Wednesday, May 12, 2010

Anti-immigrant backlash that starts in Arizona should stop in Arizona

Contributed by Carol Rose, ACLU of Massachusetts Executive Director and "On Liberty" blogger

Unless you are Native American or a descendent of slaves, your ancestors most likely were immigrants to this country.

Perhaps your family came here seeking religious liberty or fleeing persecution. Or maybe they came for economic reasons -- because staying home meant a life of grinding poverty, at best, and starvation at worst. Whatever the specific reasons, those who came to these shores were in search of a better future for themselves and for their children. They ended up building a nation -- for all of us.

Given this common American experience, it always strikes me as odd (or at least exceedingly ahistorical) when our nation falls under the grip of anti-immigrant hysteria.

The most recent incarnation of anti-immigrant backlash was the passage in Arizona ofbone-headed legislation that will require police officers to ask people for their papers based on some undefined "reasonable suspicion" that they are in the country unlawfully.

It's a law that invites racial profiling in the worst way. On what other basis than race will a police officer suspect that someone is not legally present in the United States? The Arizona law will lead to targeting of Latinos (including American citizens and lawful permanent residents) with mass sweeps and enforcement operations.

So it was heartening to see the Boston City Council and Mayor Tom Menino take a stand against the Arizona law last week -- denouncing Arizona's race-baiting policies, while reaffirming our city's commitment to America's values of fairness and equality. The Worcester City Council is considering a similar measure, and, while opposing a boycott,Governor Patrick blasted the Arizona law.

If only all Massachusetts politicians were so enlightened!

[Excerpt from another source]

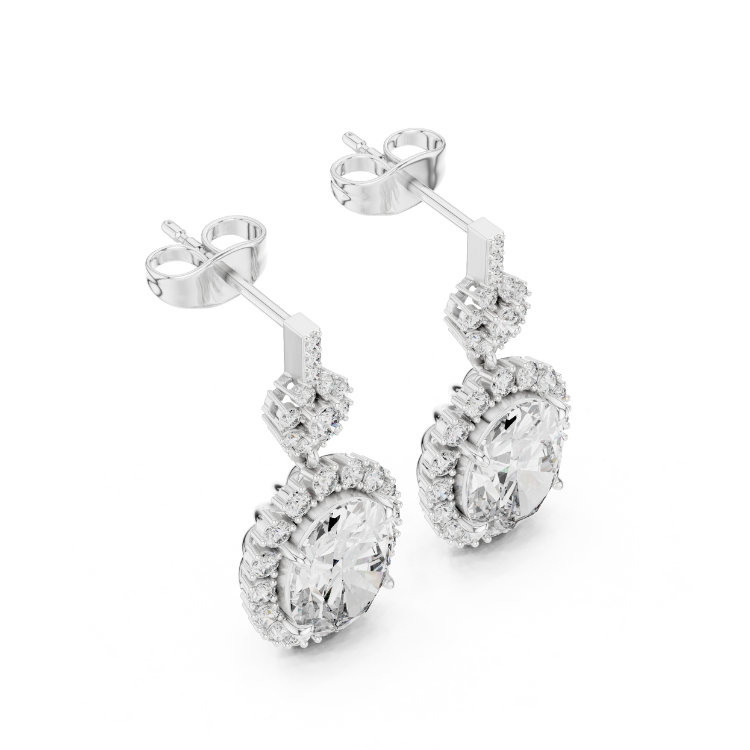 Classic Halo Round Diamond Drop Earrings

In contrast to these patriotic stances -- and in a classic example of political pandering -- Massachusetts State Rep. Jeff Perry, last week filed a budget amendment that would have prevented anyone from receiving any federal, state or municipal public benefits without first having their lawful presence in the U.S. verified. Perry, who is vying for the Republican nomination to succeed Congressman William Delahunt, apparently thought that an anti-immigrant bill would boost his political fortunes among voters who forgot that their ancestors also were immigrants to this country.

Not to be out-dumbed, gubernatorial hopeful Charlie Baker tried to get in on the anti-immigrant action by announcing his support for a plan to require homeless people to show proof of residency before they could stay at a homeless shelter or take advantage of any public benefits. Baker had to back away from this scheme when someone pointed out that homeless people, by definition, don't have residences. Baker later said his shelter position was misrepresented, although it is hard to imagine how to represent it as anything other than crude political pandering.

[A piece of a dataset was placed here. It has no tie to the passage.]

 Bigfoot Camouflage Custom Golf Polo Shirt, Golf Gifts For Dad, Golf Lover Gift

Of course, Perry and Baker are also part of another American tradition: the one that coined the phrases: "No Irish Need Apply" and "Round up the usual (Italian) suspects".

These days, anti-immigrant sentiment directed against Irish and Italians would be political suicide. But Perry and Baker know that each new wave of immigrants faces persecution for a generation of two, and during that time short-sighted politicians can gain short-run votes by pandering to base anti-immigrant sentiments.

Fortunately, the Arizona law already is being challenged by a range of civil rights groups including the ACLU, as well as by businesses, citizens, and sports teams that understand and believe in the American dream.

So when Arizona says "show us your papers," let's show them our Constitution -- and ensure that what started in Arizona, stops in Arizona.